Alan
08/19/2024, 4:42 AMdef train_model():
# Define configurations.
train_loop_config = {"num_epochs": 20, "lr": 0.01, "batch_size": 32}
scaling_config = ScalingConfig(num_workers=num_workers, use_gpu=use_gpu)
run_config = RunConfig(checkpoint_config=CheckpointConfig(num_to_keep=1))
# Define datasets.
train_dataset = ray.data.from_items(
[{"input": [x], "label": [2 * x + 1]} for x in range(2000)]
)
datasets = {"train": train_dataset}
# Initialize the Trainer.
trainer = TorchTrainer(
train_loop_per_worker=train_loop_per_worker,
train_loop_config=train_loop_config,
scaling_config=scaling_config,
run_config=run_config,
datasets=datasets
)
# Train the model.
result = trainer.fit()
# Inspect the results.
final_loss = result.metrics["loss"]
@flow(task_runner=RayTaskRunner(address="<ray://raycluster-kuberay-head-svc.kuberay.svc.cluster.local:10001>", init_kwargs={"runtime_env": {"pip": ["prefect-ray", "torch", "torchvision", "boto3","botocore"]}},))
def training_pipeline():
# equivalent to setting @ray.remote(num_cpus=4, num_gpus=2)

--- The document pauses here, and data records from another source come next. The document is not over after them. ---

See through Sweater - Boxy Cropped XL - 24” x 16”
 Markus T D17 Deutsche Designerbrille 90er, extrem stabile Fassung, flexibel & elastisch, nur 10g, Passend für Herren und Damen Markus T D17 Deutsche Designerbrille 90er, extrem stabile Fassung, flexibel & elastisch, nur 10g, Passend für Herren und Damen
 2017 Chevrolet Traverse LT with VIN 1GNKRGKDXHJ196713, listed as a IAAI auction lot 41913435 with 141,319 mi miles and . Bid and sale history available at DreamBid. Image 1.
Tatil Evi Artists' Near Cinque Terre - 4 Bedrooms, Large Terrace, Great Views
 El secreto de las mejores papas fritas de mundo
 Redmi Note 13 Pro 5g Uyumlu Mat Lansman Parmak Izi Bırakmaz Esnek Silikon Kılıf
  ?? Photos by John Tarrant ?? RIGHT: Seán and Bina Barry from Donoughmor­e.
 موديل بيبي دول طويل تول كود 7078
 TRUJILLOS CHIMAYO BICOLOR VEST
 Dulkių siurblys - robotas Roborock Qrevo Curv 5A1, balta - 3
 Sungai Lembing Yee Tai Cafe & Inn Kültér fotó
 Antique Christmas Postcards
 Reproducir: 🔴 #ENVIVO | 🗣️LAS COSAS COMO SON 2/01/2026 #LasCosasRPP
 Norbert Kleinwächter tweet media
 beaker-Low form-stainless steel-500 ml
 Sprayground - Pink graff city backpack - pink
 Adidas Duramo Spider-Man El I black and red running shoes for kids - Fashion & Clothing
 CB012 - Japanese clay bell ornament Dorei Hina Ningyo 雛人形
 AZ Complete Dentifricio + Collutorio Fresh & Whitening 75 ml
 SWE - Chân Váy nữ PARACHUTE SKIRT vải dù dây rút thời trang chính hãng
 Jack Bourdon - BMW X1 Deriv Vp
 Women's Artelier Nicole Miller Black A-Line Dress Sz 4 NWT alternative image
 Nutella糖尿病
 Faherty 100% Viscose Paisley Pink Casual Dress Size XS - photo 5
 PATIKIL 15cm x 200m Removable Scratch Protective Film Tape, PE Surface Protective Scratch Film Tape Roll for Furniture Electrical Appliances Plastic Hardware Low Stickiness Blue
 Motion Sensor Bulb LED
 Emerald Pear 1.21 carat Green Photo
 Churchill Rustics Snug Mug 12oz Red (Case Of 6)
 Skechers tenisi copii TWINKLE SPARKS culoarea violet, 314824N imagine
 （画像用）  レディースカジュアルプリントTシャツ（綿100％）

with remote_options(num_cpus=4, num_gpus=1):
train_model.submit()
The job runs and I can see it in the dashboard, however, issue is that the job is not actually running. It will literally say running forever until I kill it from the prefect dashboard.
From the output part of the worker, I literally have two lines. I am running the latest version of prefect, prefect-ray, and ray!! My question is, should i not be using the latest versions of ray/prefect-ray? My guess is that python3.11 is just not tested!!